• **GOAL OF THE EXERCISE**
The finished copy must match the records exactly, except that it contains no pictures.

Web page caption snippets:
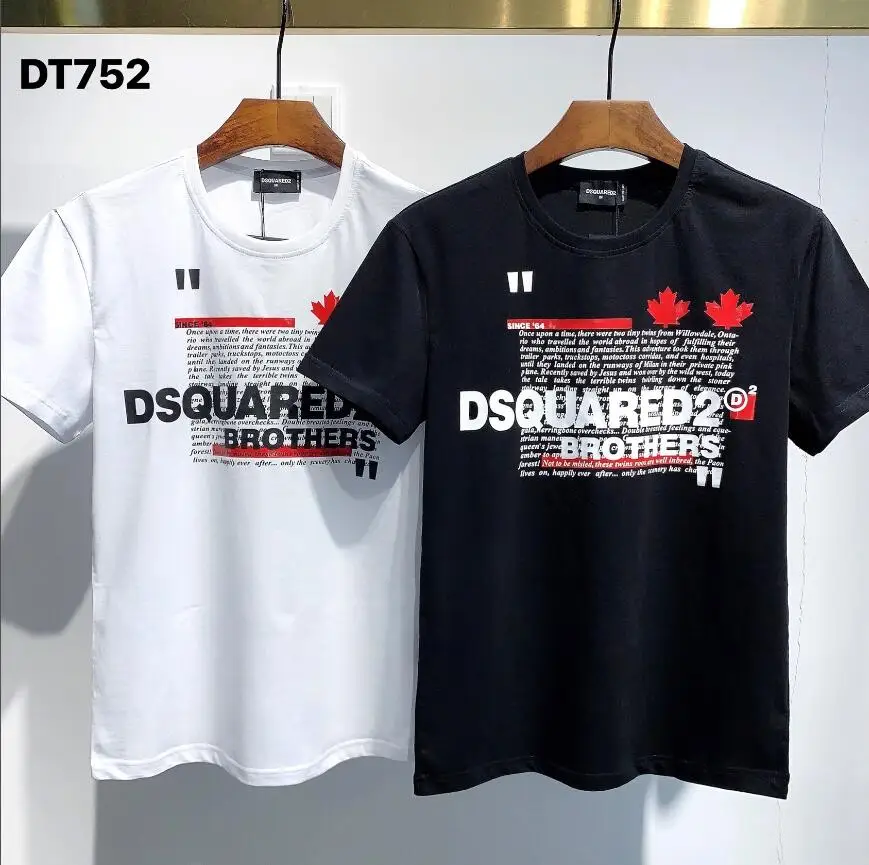 

Dsquared2 men's and women's printed T-shirt, cotton hip-hop style, motorcycle DT752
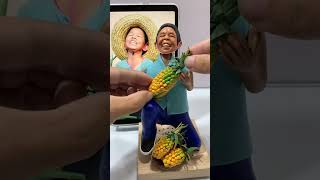 Such a big golden pineapple must be delicious Handmade clay figurines How to make handmade cla [upl. by Loziram]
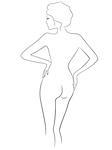 Abstract graceful female figure, view from the back, hand drawing vector outline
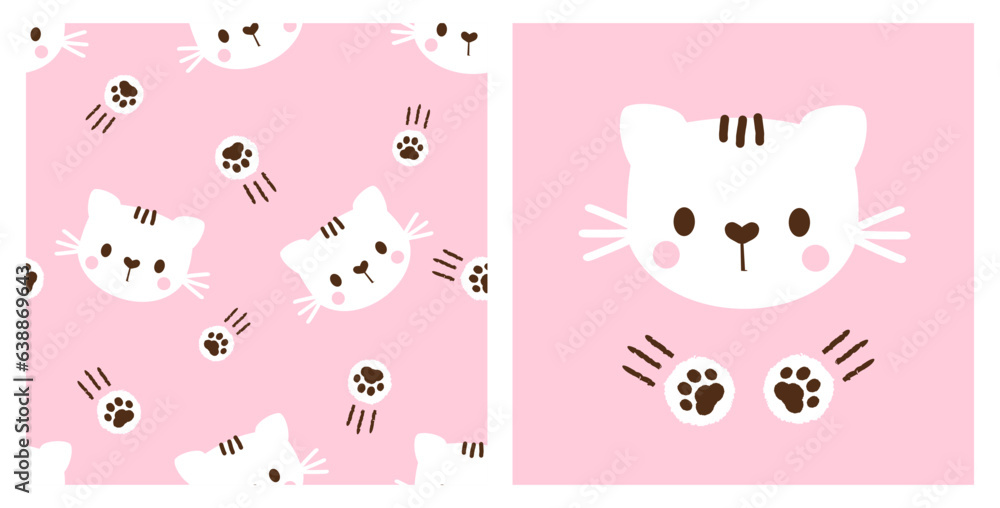 Seamless pattern with paw prints and cat kitten cartoons on pink background vector illustration. Cute childish print. Seamless pattern with paw prints and cat kitten cartoons on pink background vector illustration. Cute childish print.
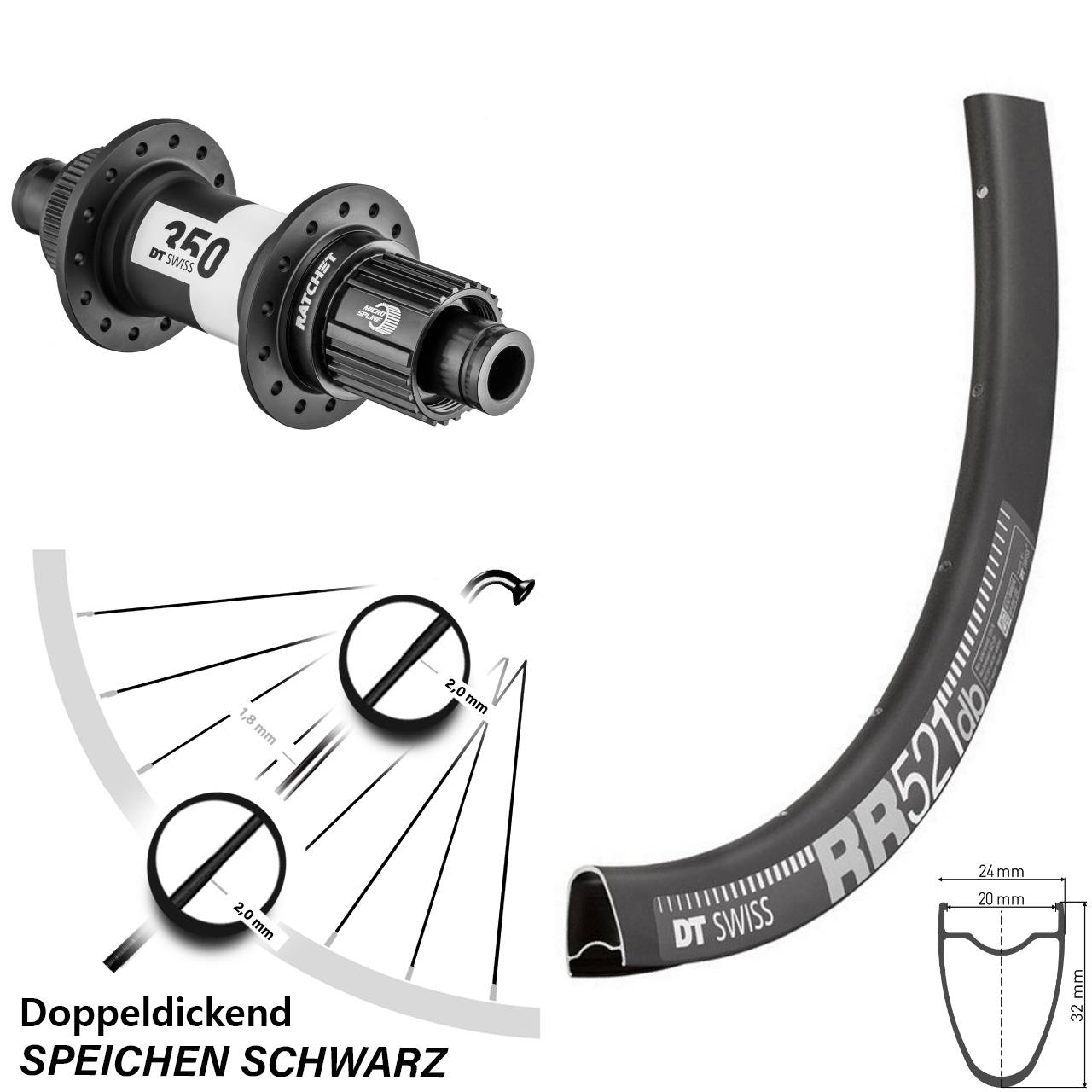 DT Swiss RR521-350 28 Zoll Disc Hinterrad 12x142 Shimano Micro Spline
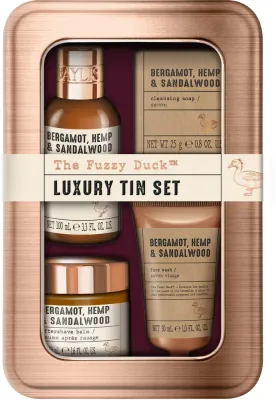Мужской набор Baylis & Harding The Fuzzy Duck гель для тела и волос 100 мл бальзам после бритья 30 мл мыло 25 г и средство для умывания 30 мл в жестяной коробке
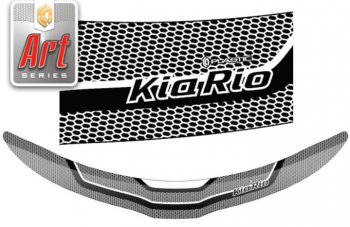 Дефлектор капота CA-Plastiс KIA Rio  3 QB (2015-2017) рестайлингхэтчбек5дв. (Серия Art белая)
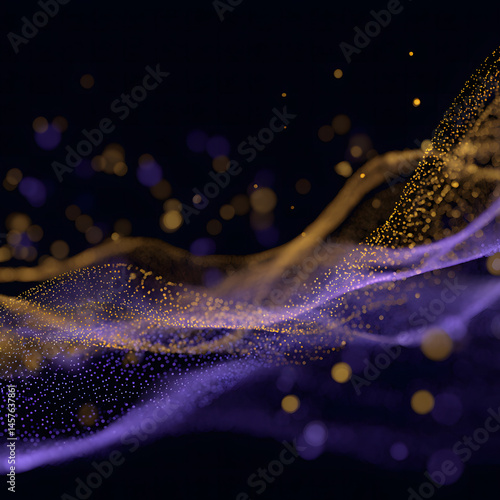 Vibrant waves of shimmering particles create an enchanting visual display at night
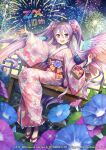 1girl :d copyright_notice feathered_wings fireworks flower geta heterochromia japanese_clothes kalavinka_(z/x) kimono long_hair multicolored_wings obi official_art purple_eyes purple_hair red_eyes ronce sash sitting smile solo teeth upper_teeth_only wings yukata z/x 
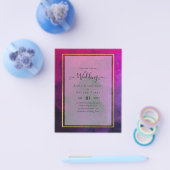 Intense Magenta Plum Paarse INK Wedding INVITE Flyer (Enkel)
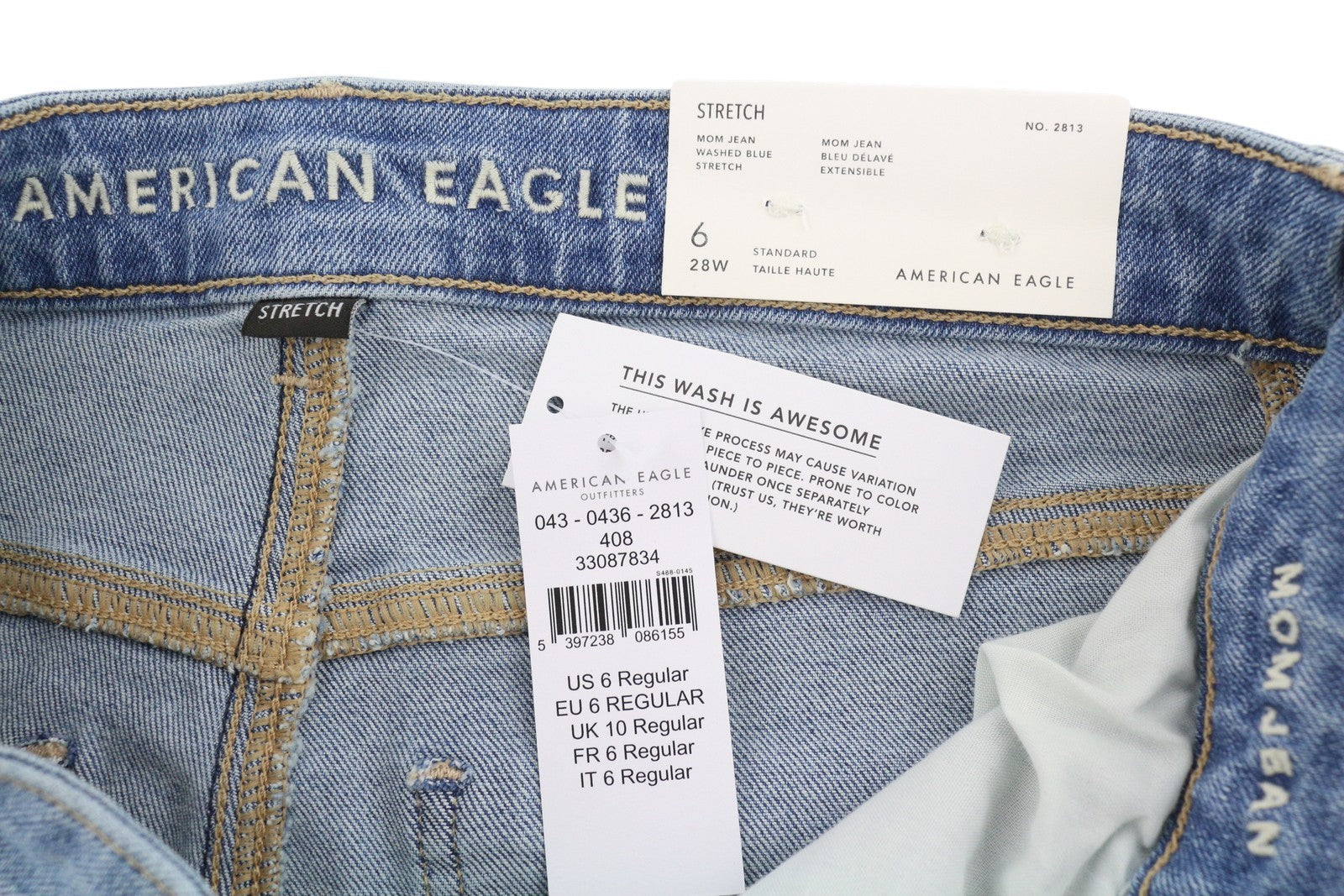 AMERICAN EAGLE OUTFITTERS Mom Washed Blue Stretch Women Jeans W28 Whiskers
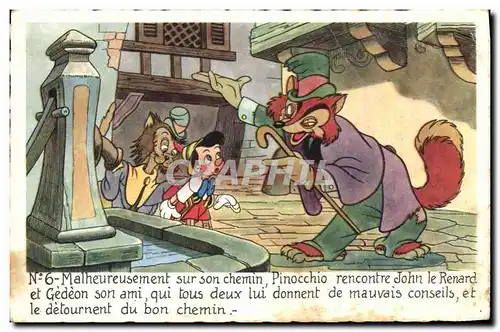 Cartes postales Fantaisie Illustrateur Walt Disney Pinocchio
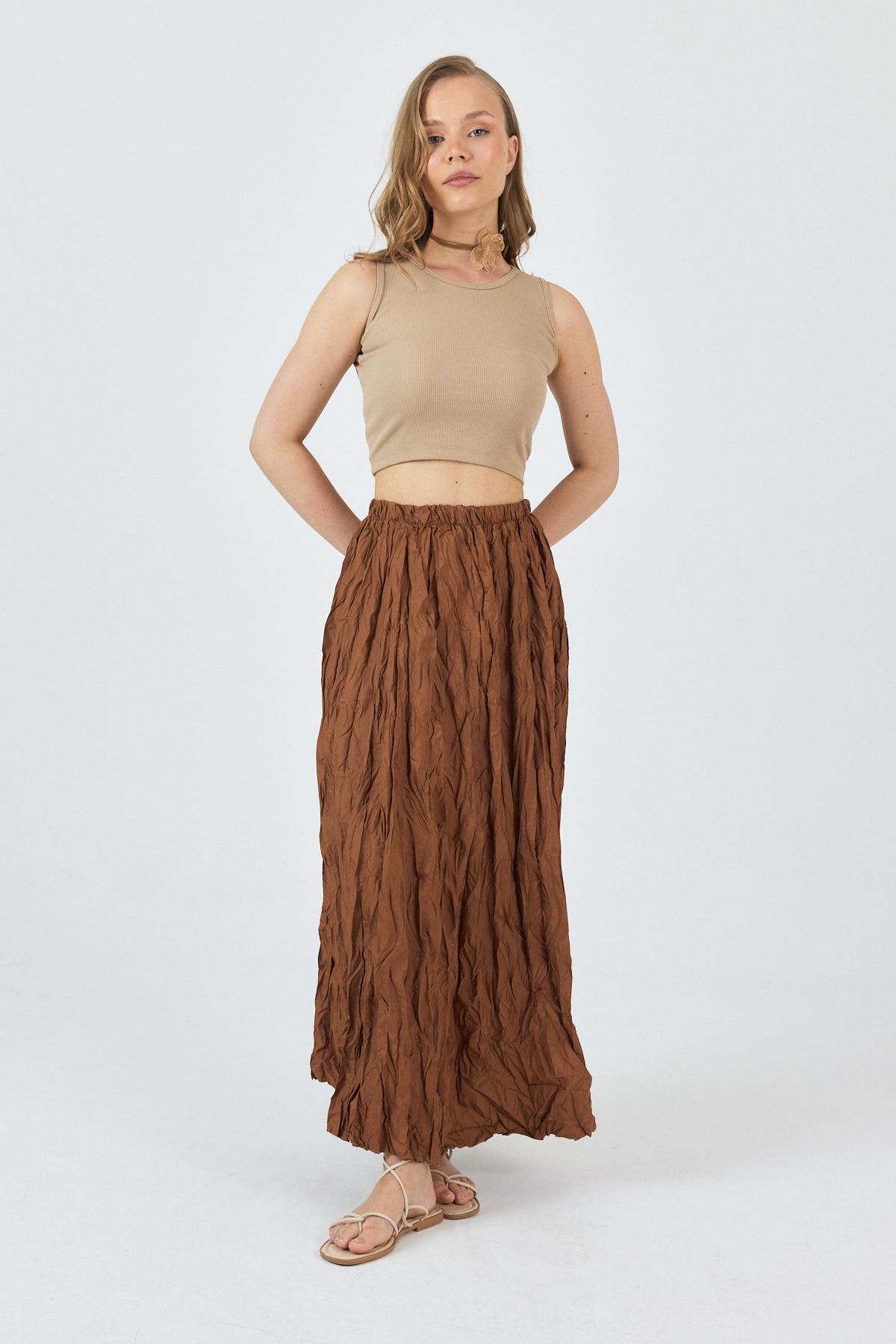 Taba Bel Lastikli Kırışık Kumaş Etek 3483 - 7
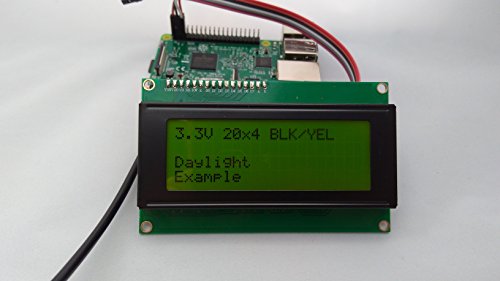 SPI I2C UART 20x4 טקסט שחור LCD, רקע צהוב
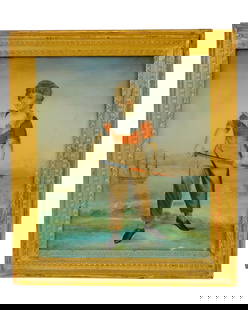 Rare American sailor boy portrait. Late 18th: century. A reverse painting on glass of an American sailor with sword. In the background is a ship flying the American flag. Sight size 13 3/4" by 11 3/4" overall 17" by 15". Very good condition. Prov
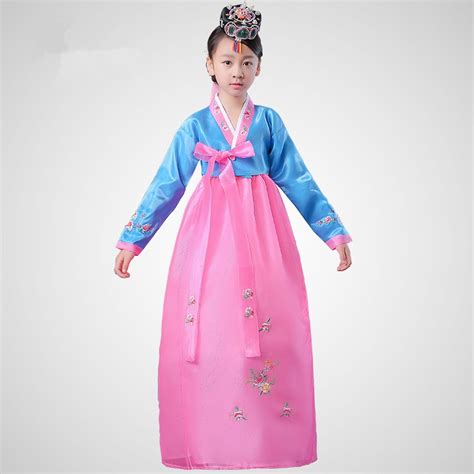 High Grade Female Embroidered Silk Korean Traditional Dress Girl Korean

• **ANSWER TO THIS TASK**
Dsquared2 men's and women's printed T-shirt, cotton hip-hop style, motorcycle DT752
 Such a big golden pineapple must be delicious Handmade clay figurines How to make handmade cla [upl. by Loziram]
 Abstract graceful female figure, view from the back, hand drawing vector outline
 Seamless pattern with paw prints and cat kitten cartoons on pink background vector illustration. Cute childish print. Seamless pattern with paw prints and cat kitten cartoons on pink background vector illustration. Cute childish print.
 DT Swiss RR521-350 28 Zoll Disc Hinterrad 12x142 Shimano Micro Spline
Мужской набор Baylis & Harding The Fuzzy Duck гель для тела и волос 100 мл бальзам после бритья 30 мл мыло 25 г и средство для умывания 30 мл в жестяной коробке
 Дефлектор капота CA-Plastiс KIA Rio  3 QB (2015-2017) рестайлингхэтчбек5дв. (Серия Art белая)
 Vibrant waves of shimmering particles create an enchanting visual display at night
 1girl :d copyright_notice feathered_wings fireworks flower geta heterochromia japanese_clothes kalavinka_(z/x) kimono long_hair multicolored_wings obi official_art purple_eyes purple_hair red_eyes ronce sash sitting smile solo teeth upper_teeth_only wings yukata z/x 
 Intense Magenta Plum Paarse INK Wedding INVITE Flyer (Enkel)
 AMERICAN EAGLE OUTFITTERS Mom Washed Blue Stretch Women Jeans W28 Whiskers
 Cartes postales Fantaisie Illustrateur Walt Disney Pinocchio
 Taba Bel Lastikli Kırışık Kumaş Etek 3483 - 7
 SPI I2C UART 20x4 טקסט שחור LCD, רקע צהוב
 Rare American sailor boy portrait. Late 18th: century. A reverse painting on glass of an American sailor with sword. In the background is a ship flying the American flag. Sight size 13 3/4" by 11 3/4" overall 17" by 15". Very good condition. Prov
 High Grade Female Embroidered Silk Korean Traditional Dress Girl Korean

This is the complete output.